(Items listed in a dataset)

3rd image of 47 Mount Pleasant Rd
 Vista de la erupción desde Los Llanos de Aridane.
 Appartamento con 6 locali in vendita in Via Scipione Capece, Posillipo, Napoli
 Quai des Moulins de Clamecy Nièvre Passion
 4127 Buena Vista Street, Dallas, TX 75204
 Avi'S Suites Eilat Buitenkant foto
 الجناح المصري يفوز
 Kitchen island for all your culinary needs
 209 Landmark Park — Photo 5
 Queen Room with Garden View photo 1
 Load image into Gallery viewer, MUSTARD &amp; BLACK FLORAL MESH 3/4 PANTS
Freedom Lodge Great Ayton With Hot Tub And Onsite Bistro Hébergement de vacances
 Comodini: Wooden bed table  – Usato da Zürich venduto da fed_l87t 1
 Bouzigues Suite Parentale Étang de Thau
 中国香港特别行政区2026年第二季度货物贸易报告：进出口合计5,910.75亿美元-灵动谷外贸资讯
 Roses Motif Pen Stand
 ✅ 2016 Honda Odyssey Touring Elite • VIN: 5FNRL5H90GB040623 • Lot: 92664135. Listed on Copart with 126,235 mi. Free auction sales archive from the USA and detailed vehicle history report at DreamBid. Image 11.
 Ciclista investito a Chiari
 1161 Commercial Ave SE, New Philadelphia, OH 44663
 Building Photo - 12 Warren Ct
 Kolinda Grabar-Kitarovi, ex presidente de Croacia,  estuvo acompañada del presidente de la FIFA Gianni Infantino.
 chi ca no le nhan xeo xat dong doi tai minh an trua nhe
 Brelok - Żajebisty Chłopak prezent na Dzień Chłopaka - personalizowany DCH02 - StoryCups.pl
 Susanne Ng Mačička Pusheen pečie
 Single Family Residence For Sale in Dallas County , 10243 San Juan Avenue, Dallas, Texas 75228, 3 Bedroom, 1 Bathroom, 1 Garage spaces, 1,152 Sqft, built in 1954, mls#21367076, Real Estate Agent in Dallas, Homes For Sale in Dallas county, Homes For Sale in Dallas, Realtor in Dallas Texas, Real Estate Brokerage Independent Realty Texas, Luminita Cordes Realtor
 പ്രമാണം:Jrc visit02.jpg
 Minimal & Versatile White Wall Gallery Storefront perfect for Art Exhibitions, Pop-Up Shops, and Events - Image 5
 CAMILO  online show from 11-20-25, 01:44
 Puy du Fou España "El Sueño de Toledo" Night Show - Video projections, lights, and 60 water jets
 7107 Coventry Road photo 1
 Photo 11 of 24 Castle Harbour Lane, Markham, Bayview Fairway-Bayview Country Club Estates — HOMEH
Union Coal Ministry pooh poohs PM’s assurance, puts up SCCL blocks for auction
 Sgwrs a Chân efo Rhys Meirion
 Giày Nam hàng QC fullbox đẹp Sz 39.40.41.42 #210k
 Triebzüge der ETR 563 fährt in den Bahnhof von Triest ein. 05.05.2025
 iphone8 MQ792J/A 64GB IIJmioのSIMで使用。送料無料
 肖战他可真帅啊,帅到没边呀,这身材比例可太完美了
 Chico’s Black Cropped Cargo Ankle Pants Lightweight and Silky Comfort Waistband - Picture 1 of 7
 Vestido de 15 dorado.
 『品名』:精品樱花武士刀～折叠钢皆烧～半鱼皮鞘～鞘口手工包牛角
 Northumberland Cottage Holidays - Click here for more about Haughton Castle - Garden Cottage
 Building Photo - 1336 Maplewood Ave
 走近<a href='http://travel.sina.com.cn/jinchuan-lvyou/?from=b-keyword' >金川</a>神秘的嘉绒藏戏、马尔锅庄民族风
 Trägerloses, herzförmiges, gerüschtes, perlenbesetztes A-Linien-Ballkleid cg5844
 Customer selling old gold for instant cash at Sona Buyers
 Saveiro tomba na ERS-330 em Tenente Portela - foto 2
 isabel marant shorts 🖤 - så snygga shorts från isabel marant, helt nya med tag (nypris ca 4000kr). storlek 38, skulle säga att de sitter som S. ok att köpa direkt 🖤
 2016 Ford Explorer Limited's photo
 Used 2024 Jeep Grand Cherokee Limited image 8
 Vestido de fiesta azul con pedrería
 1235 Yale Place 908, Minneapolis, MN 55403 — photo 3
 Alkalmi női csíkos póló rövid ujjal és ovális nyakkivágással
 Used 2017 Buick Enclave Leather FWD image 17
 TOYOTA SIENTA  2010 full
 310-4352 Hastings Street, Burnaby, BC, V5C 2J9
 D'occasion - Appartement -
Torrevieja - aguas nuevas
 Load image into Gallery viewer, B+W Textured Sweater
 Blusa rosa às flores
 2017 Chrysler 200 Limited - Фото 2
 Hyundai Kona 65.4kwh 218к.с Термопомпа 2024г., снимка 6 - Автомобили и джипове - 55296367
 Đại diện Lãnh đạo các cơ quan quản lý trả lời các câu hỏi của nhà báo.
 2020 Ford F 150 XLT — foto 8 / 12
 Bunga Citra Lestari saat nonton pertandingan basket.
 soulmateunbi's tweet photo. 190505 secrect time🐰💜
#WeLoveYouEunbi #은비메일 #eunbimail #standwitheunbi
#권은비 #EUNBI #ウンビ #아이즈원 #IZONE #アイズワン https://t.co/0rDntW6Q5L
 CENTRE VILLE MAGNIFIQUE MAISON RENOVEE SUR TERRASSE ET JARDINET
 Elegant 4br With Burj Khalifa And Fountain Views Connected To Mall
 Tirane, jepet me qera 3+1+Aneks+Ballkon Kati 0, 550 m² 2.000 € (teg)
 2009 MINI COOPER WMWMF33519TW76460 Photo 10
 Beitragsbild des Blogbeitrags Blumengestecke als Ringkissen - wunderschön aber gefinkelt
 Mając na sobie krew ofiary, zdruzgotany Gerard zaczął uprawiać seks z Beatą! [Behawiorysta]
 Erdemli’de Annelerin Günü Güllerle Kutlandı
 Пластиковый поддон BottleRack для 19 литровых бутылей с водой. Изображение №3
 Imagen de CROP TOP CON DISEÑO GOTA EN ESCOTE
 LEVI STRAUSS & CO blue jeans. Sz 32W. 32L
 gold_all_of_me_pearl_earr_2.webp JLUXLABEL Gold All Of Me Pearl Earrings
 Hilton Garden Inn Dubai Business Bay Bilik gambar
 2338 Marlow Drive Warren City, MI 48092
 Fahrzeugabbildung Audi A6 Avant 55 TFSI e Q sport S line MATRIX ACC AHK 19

■ Requirement:
Transcribe the entries exactly, and make each line match the original.

■ Response box:
3rd image of 47 Mount Pleasant Rd
 Vista de la erupción desde Los Llanos de Aridane.
 Appartamento con 6 locali in vendita in Via Scipione Capece, Posillipo, Napoli
 Quai des Moulins de Clamecy Nièvre Passion
 4127 Buena Vista Street, Dallas, TX 75204
 Avi'S Suites Eilat Buitenkant foto
 الجناح المصري يفوز
 Kitchen island for all your culinary needs
 209 Landmark Park — Photo 5
 Queen Room with Garden View photo 1
 Load image into Gallery viewer, MUSTARD &amp; BLACK FLORAL MESH 3/4 PANTS
Freedom Lodge Great Ayton With Hot Tub And Onsite Bistro Hébergement de vacances
 Comodini: Wooden bed table  – Usato da Zürich venduto da fed_l87t 1
 Bouzigues Suite Parentale Étang de Thau
 中国香港特别行政区2026年第二季度货物贸易报告：进出口合计5,910.75亿美元-灵动谷外贸资讯
 Roses Motif Pen Stand
 ✅ 2016 Honda Odyssey Touring Elite • VIN: 5FNRL5H90GB040623 • Lot: 92664135. Listed on Copart with 126,235 mi. Free auction sales archive from the USA and detailed vehicle history report at DreamBid. Image 11.
 Ciclista investito a Chiari
 1161 Commercial Ave SE, New Philadelphia, OH 44663
 Building Photo - 12 Warren Ct
 Kolinda Grabar-Kitarovi, ex presidente de Croacia,  estuvo acompañada del presidente de la FIFA Gianni Infantino.
 chi ca no le nhan xeo xat dong doi tai minh an trua nhe
 Brelok - Żajebisty Chłopak prezent na Dzień Chłopaka - personalizowany DCH02 - StoryCups.pl
 Susanne Ng Mačička Pusheen pečie
 Single Family Residence For Sale in Dallas County , 10243 San Juan Avenue, Dallas, Texas 75228, 3 Bedroom, 1 Bathroom, 1 Garage spaces, 1,152 Sqft, built in 1954, mls#21367076, Real Estate Agent in Dallas, Homes For Sale in Dallas county, Homes For Sale in Dallas, Realtor in Dallas Texas, Real Estate Brokerage Independent Realty Texas, Luminita Cordes Realtor
 പ്രമാണം:Jrc visit02.jpg
 Minimal & Versatile White Wall Gallery Storefront perfect for Art Exhibitions, Pop-Up Shops, and Events - Image 5
 CAMILO  online show from 11-20-25, 01:44
 Puy du Fou España "El Sueño de Toledo" Night Show - Video projections, lights, and 60 water jets
 7107 Coventry Road photo 1
 Photo 11 of 24 Castle Harbour Lane, Markham, Bayview Fairway-Bayview Country Club Estates — HOMEH
Union Coal Ministry pooh poohs PM’s assurance, puts up SCCL blocks for auction
 Sgwrs a Chân efo Rhys Meirion
 Giày Nam hàng QC fullbox đẹp Sz 39.40.41.42 #210k
 Triebzüge der ETR 563 fährt in den Bahnhof von Triest ein. 05.05.2025
 iphone8 MQ792J/A 64GB IIJmioのSIMで使用。送料無料
 肖战他可真帅啊,帅到没边呀,这身材比例可太完美了
 Chico’s Black Cropped Cargo Ankle Pants Lightweight and Silky Comfort Waistband - Picture 1 of 7
 Vestido de 15 dorado.
 『品名』:精品樱花武士刀～折叠钢皆烧～半鱼皮鞘～鞘口手工包牛角
 Northumberland Cottage Holidays - Click here for more about Haughton Castle - Garden Cottage
 Building Photo - 1336 Maplewood Ave
 走近<a href='http://travel.sina.com.cn/jinchuan-lvyou/?from=b-keyword' >金川</a>神秘的嘉绒藏戏、马尔锅庄民族风
 Trägerloses, herzförmiges, gerüschtes, perlenbesetztes A-Linien-Ballkleid cg5844
 Customer selling old gold for instant cash at Sona Buyers
 Saveiro tomba na ERS-330 em Tenente Portela - foto 2
 isabel marant shorts 🖤 - så snygga shorts från isabel marant, helt nya med tag (nypris ca 4000kr). storlek 38, skulle säga att de sitter som S. ok att köpa direkt 🖤
 2016 Ford Explorer Limited's photo
 Used 2024 Jeep Grand Cherokee Limited image 8
 Vestido de fiesta azul con pedrería
 1235 Yale Place 908, Minneapolis, MN 55403 — photo 3
 Alkalmi női csíkos póló rövid ujjal és ovális nyakkivágással
 Used 2017 Buick Enclave Leather FWD image 17
 TOYOTA SIENTA  2010 full
 310-4352 Hastings Street, Burnaby, BC, V5C 2J9
 D'occasion - Appartement -
Torrevieja - aguas nuevas
 Load image into Gallery viewer, B+W Textured Sweater
 Blusa rosa às flores
 2017 Chrysler 200 Limited - Фото 2
 Hyundai Kona 65.4kwh 218к.с Термопомпа 2024г., снимка 6 - Автомобили и джипове - 55296367
 Đại diện Lãnh đạo các cơ quan quản lý trả lời các câu hỏi của nhà báo.
 2020 Ford F 150 XLT — foto 8 / 12
 Bunga Citra Lestari saat nonton pertandingan basket.
 soulmateunbi's tweet photo. 190505 secrect time🐰💜
#WeLoveYouEunbi #은비메일 #eunbimail #standwitheunbi
#권은비 #EUNBI #ウンビ #아이즈원 #IZONE #アイズワン https://t.co/0rDntW6Q5L
 CENTRE VILLE MAGNIFIQUE MAISON RENOVEE SUR TERRASSE ET JARDINET
 Elegant 4br With Burj Khalifa And Fountain Views Connected To Mall
 Tirane, jepet me qera 3+1+Aneks+Ballkon Kati 0, 550 m² 2.000 € (teg)
 2009 MINI COOPER WMWMF33519TW76460 Photo 10
 Beitragsbild des Blogbeitrags Blumengestecke als Ringkissen - wunderschön aber gefinkelt
 Mając na sobie krew ofiary, zdruzgotany Gerard zaczął uprawiać seks z Beatą! [Behawiorysta]
 Erdemli’de Annelerin Günü Güllerle Kutlandı
 Пластиковый поддон BottleRack для 19 литровых бутылей с водой. Изображение №3
 Imagen de CROP TOP CON DISEÑO GOTA EN ESCOTE
 LEVI STRAUSS & CO blue jeans. Sz 32W. 32L
 gold_all_of_me_pearl_earr_2.webp JLUXLABEL Gold All Of Me Pearl Earrings
 Hilton Garden Inn Dubai Business Bay Bilik gambar
 2338 Marlow Drive Warren City, MI 48092
 Fahrzeugabbildung Audi A6 Avant 55 TFSI e Q sport S line MATRIX ACC AHK 19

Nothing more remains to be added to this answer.